__Required action__.
Exact copy, pictures excluded: please retype the lines from the start of the material through the line containing "Vũ Thu Phương", both ends included, and nothing more.

......

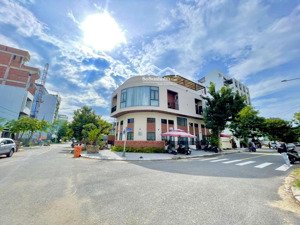 tòa căn hộ căn góc 4 tầng 2 mặt tiền khuê mỹ đông 14 & khuê mỹ đông 11, dòng tiền 70 tr/th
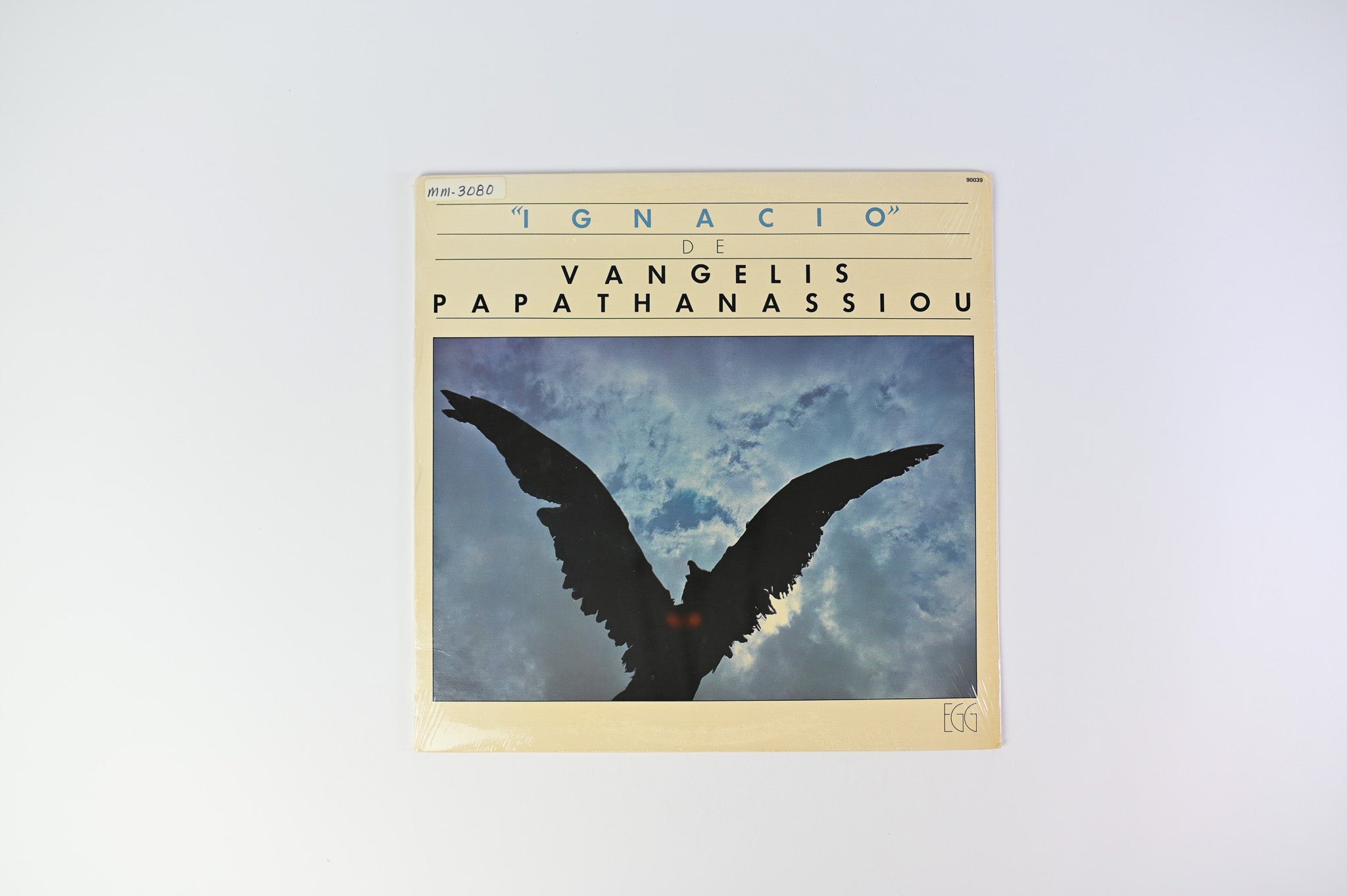 Vangelis Papathanassiou - Ignacio on Egg Canada Reissue Sealed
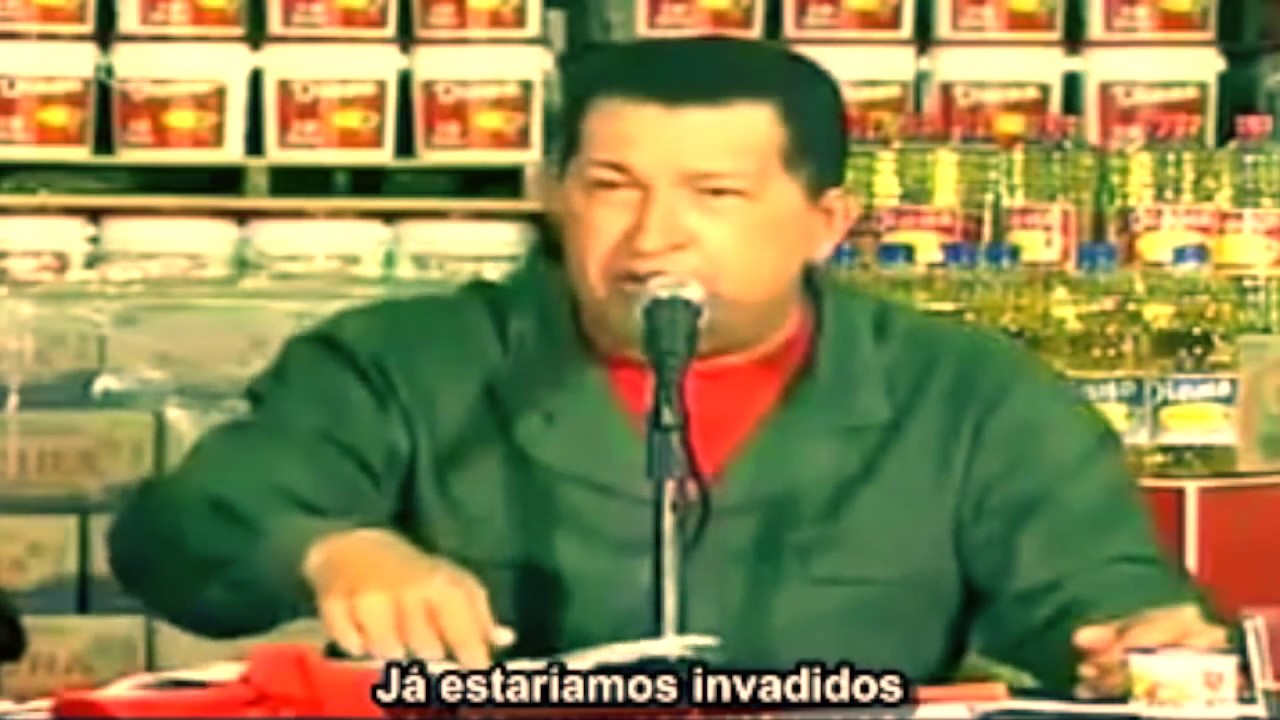 Hugo Chavez desafia o Deus de Israel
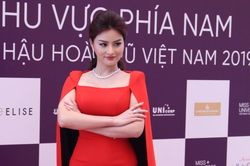 Vũ Thu Phương sẽ mang đến sự khác lạ cho ban giám khảo Hoa hậu Hoàn vũ Việt Nam 2019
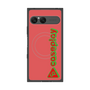プレミアムスクエアケース with SnapMag［ オリジナル - CASEPLAYロゴタイプ - レッド ］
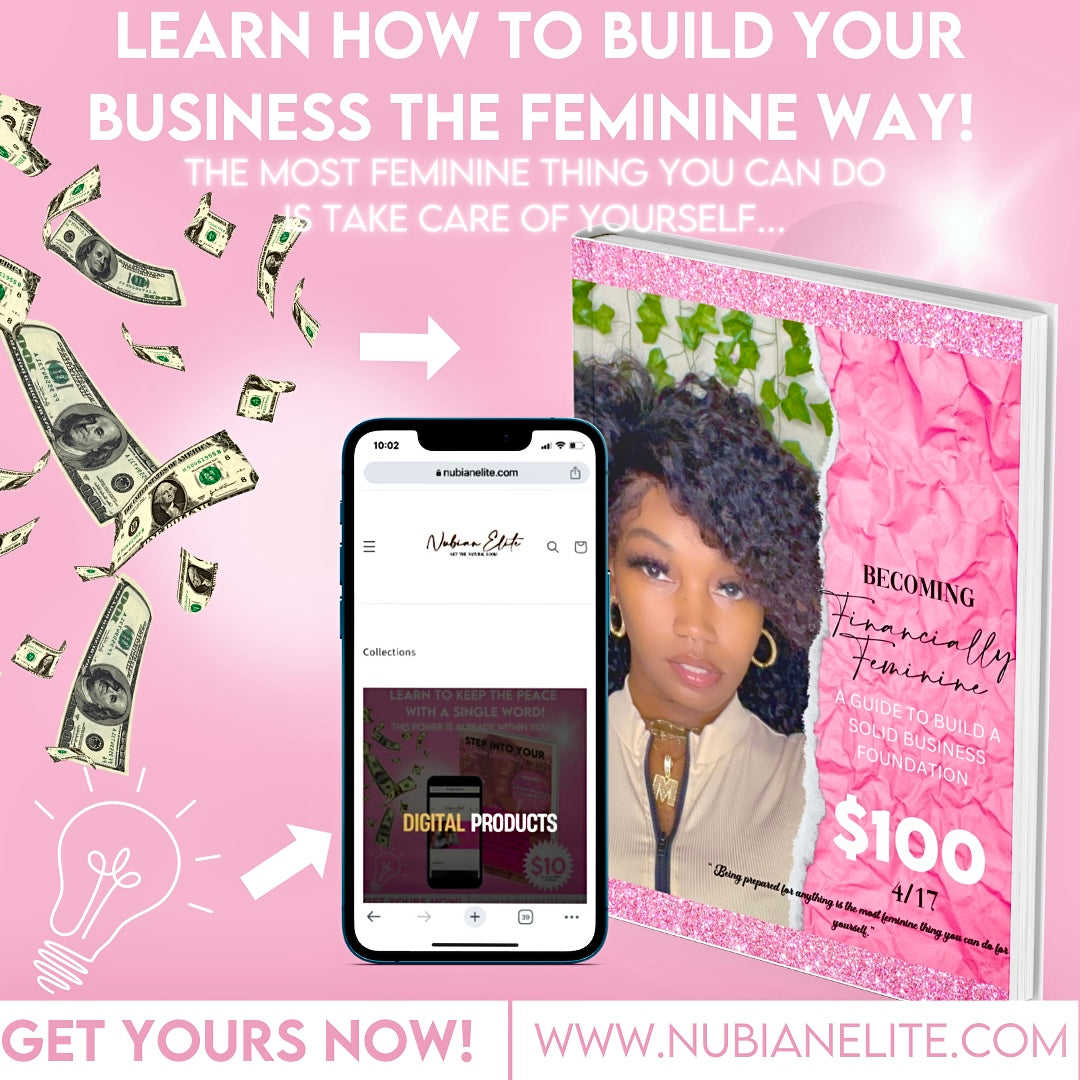 Becoming Financially Feminine (Instant Download) Ebook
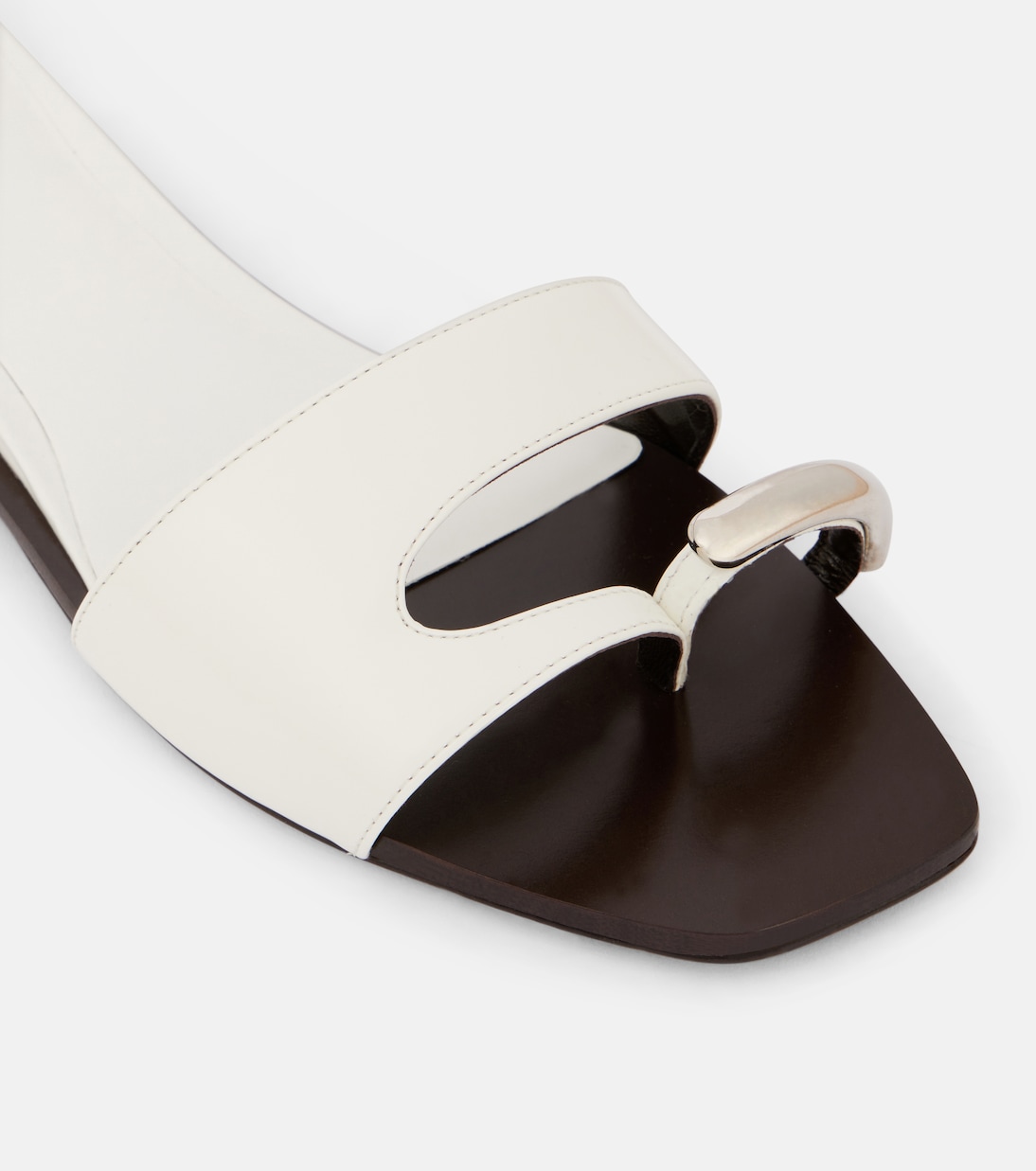 Leather sandals | Tory Burch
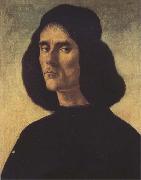 Sandro Botticelli, Portrait of Michele Marullo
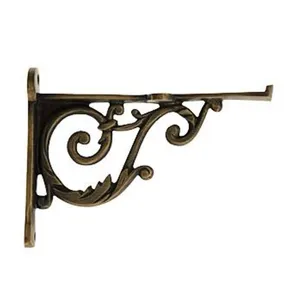 Strong Material Vintage Design Rusty Shelf Bracket from Top Supplier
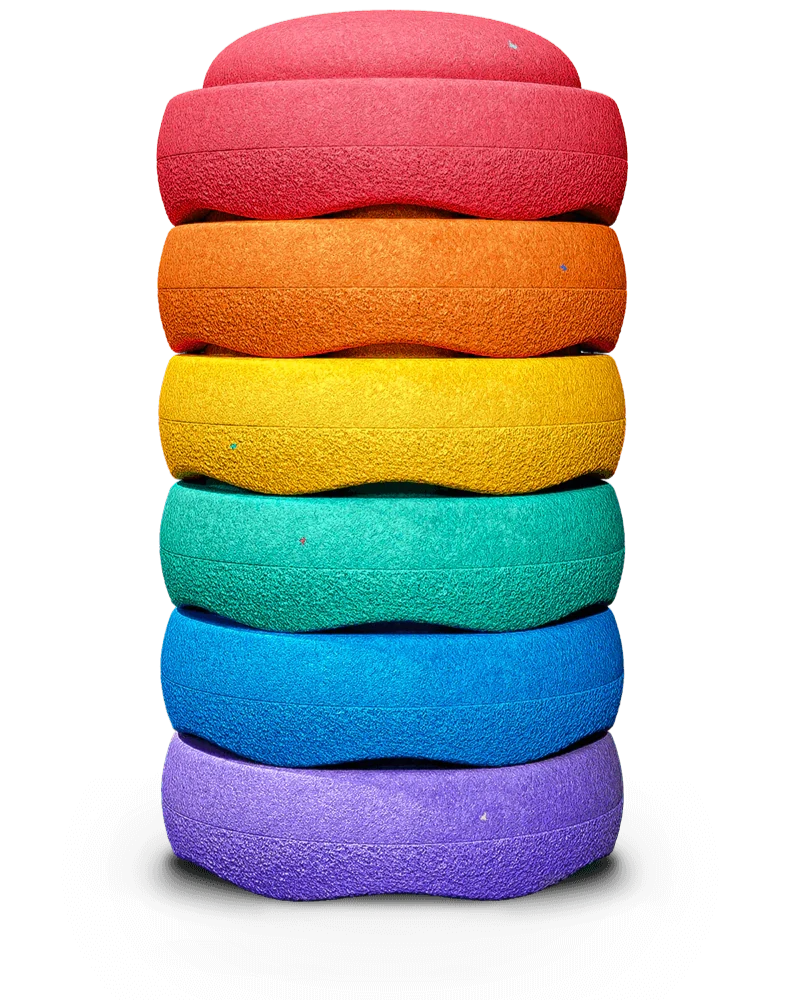 Stapelstein Original rainbow 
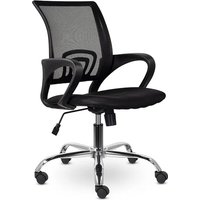 Офисное кресло UTFC Микс СН-696 (хром TG TW-01/Е11-к/черный) в Пинске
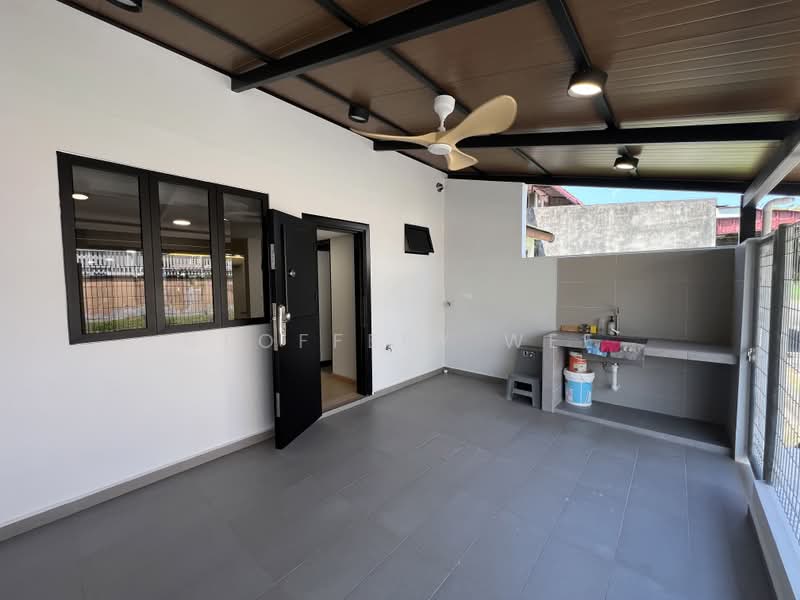 2-storey Terraced House for Rent in Taman Bachang Baru (Bachang) - Geoffery Wee - Exterior - PropertyGuru.com.my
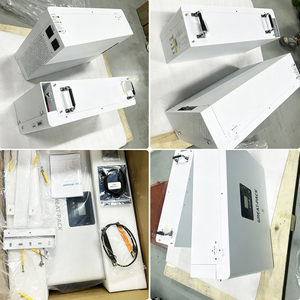 Batería de Alto Voltaje de 200ah 400ah 10kwh 20kwh, Paquete de Baterías de Iones de Litio IP65 Resistente al Agua para Energía Solar - Product Image 5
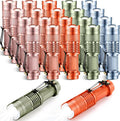 Fumete 20 Pieces LED Flashlight Mini 3 Mode Tactical Torch Small Water by Fumete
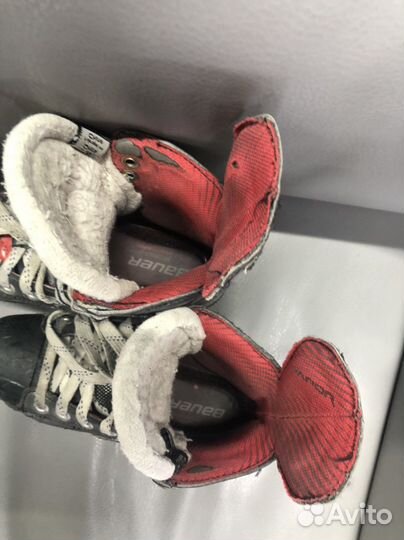 Коньки бу bauer vapor X800 (2.5D)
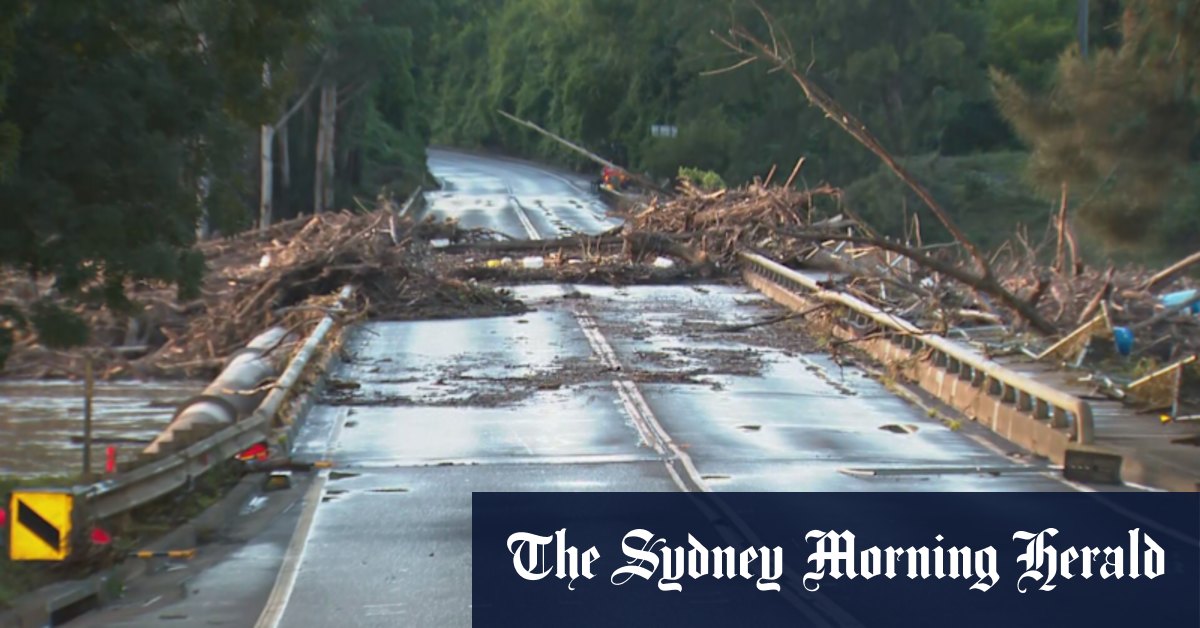 NSW floods: Residents allowed to return home as flooding threat eases - Vimarsana News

......

__Result for this task__.
 tòa căn hộ căn góc 4 tầng 2 mặt tiền khuê mỹ đông 14 & khuê mỹ đông 11, dòng tiền 70 tr/th
 Vangelis Papathanassiou - Ignacio on Egg Canada Reissue Sealed
 Hugo Chavez desafia o Deus de Israel
 Vũ Thu Phương sẽ mang đến sự khác lạ cho ban giám khảo Hoa hậu Hoàn vũ Việt Nam 2019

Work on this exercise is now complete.